Al finalizar las reuniones de la Ejecutiva de Ciudadanos, tras los corrillos, solía despedirme de mis compañeros catalanes que se volvían al Parlament con un: “¡Suerte en Mordor!”. No les envidiaba. Aquello me parecía un día de la marmota agotador en el que se sucedían procés, populismo, procés, una polarización brutal, procés, malas formas, procés, debates fuera de la dramática realidad catalana, procés… y una degradación estética, chancletera, brutal.
Yo pensaba de forma ingenua —y una vez más equivocada— que en unos años lograríamos ‘españolizar’ aquello. Que pronto mejorarían las formas y dejaría de hacerse esa trampa nacionalista del ‘España ens roba’ para disimular la corrupción y la inutilidad de los gobernantes catalanes, únicos responsables de la decadencia de una comunidad y una ciudad que fue vanguardia económica, política y cultural de nuestro país y que ha degenerado y se ha empobrecido a un ritmo brutal, devastada como por un tsunami. El tsunami nacional populista.
Lejos de cumplirse mi sueño, esa forma de hacer política se ha exportado al resto de España. Iglesias entra al Congreso como si llegara directo del after, los nacionalistas lucen cada día una camiseta reivindicativa, Rufián esgrime unas esposas, la CUP sube al atril en chándal y Bildu, peinado por un hachazo, anuncia orgulloso que dicta los Presupuestos.
Barcelona llegó a ser el espejo en el que se miraba todo el sector cultural.
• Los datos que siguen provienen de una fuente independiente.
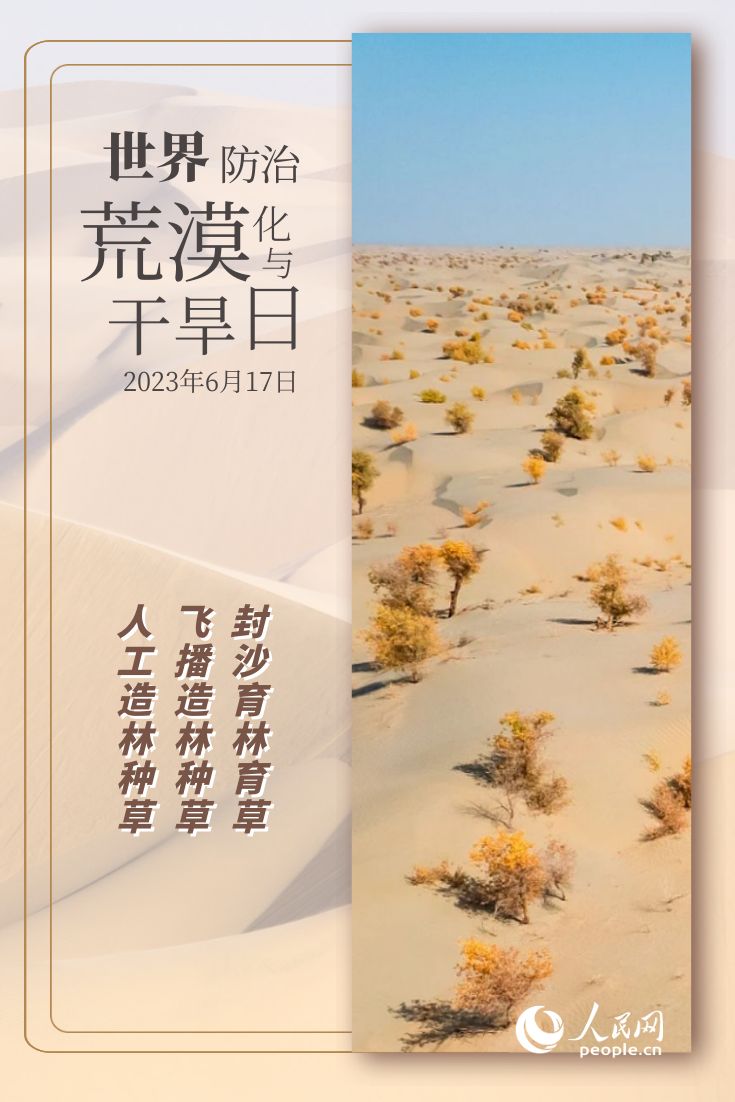 恒行测速：世界防治荒漠化与干旱日 | 防沙治沙的“中国智慧”(图5)
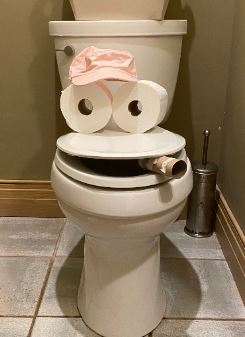 Pollys Throne.JPG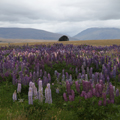 Lupines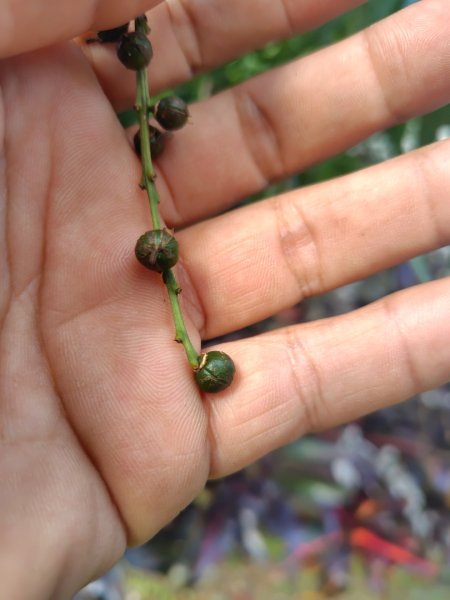 多納六秀 京大山2957517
Pero pronto dejamos de trabajar allí porque hacerlo en español era imposible y porque el arte se gestionó por una élite de varios apellidos catalanes y credo nacionalista. Madrid, mientras tanto, ponía sus teatros en manos de los mejores directores vascos, catalanes, valencianos… a veces incluso a algún madrileño.
Y poco a poco fue apoderándose de un liderazgo que había pertenecido a la ciudad que Colau y el nacionalismo han destrozado. Los artistas catalanes venían más a Madrid buscando un trabajo que escaseaba en su tierra. Y Madrid nunca preguntó nada. Ni por los apellidos ni por la ideología. No se fijó en su acento. No exigió reciprocidad. Madrid se quedaba con lo bueno.
Premiaba a los mejores. Creaba una industria con errores y aciertos. Errores subvencionados que no construyeron nada sólido y una estructura que competía alrededor del teatro, de los musicales, de la televisión, que ha hecho que miles de familias vivan de ello y ha servido de polo de atracción para que el resto de España recupere aquello de ir a la capital a ver espectáculo.
Madrid se convirtió —a pesar de la corrupción de la derecha— en lo más parecido al sueño liberal que había en España.
Mientras tanto, debido al puñetero procés, las empresas abandonan Cataluña. Y la riqueza de una comunidad que fue motor de España, tras malgastar miles de millones de euros en una normalización lingüística expulsa a muchos e impide que lleguen los mejores, que está exhausta después de costear una televisión golpista que es la más cara de España y reventada por unas élites que exigían el 3% de todo lo que se movía, se desploma.
Ahora, entre mirar al centro político y geográfico o asomarse al abismo, una vez más, el socialismo —maestro en igualar por abajo— han decidido imitar el peor modelo posible: el catalán. Ximo Puig apela al ‘seny’ de ERC. Como si lo tuviera. Sánchez e Iglesias entonan un ‘Madrid ens roba’. Y en vez de fijarse en la ciudad que más crece, en la más cosmopolita, deciden lastrarla mientras miran a una sociedad dividida y empobrecida.
Una urbe donde los violentos campan a sus anchas, en la que no hay semana en que un terrorista no dé una charla en TV3, un lugar en el que un grupo de imbéciles corta una de las mayores arterias de la ciudad desde hace meses sin que nadie haga nada por evitarlo porque la ley ya no cuenta, donde a Otegi se le pide un selfie y cuyo nivel educativo y cultural está en franca decadencia.
El socialismo es un oráculo inverso. Miren adónde apunta, y tiren para el otro lado.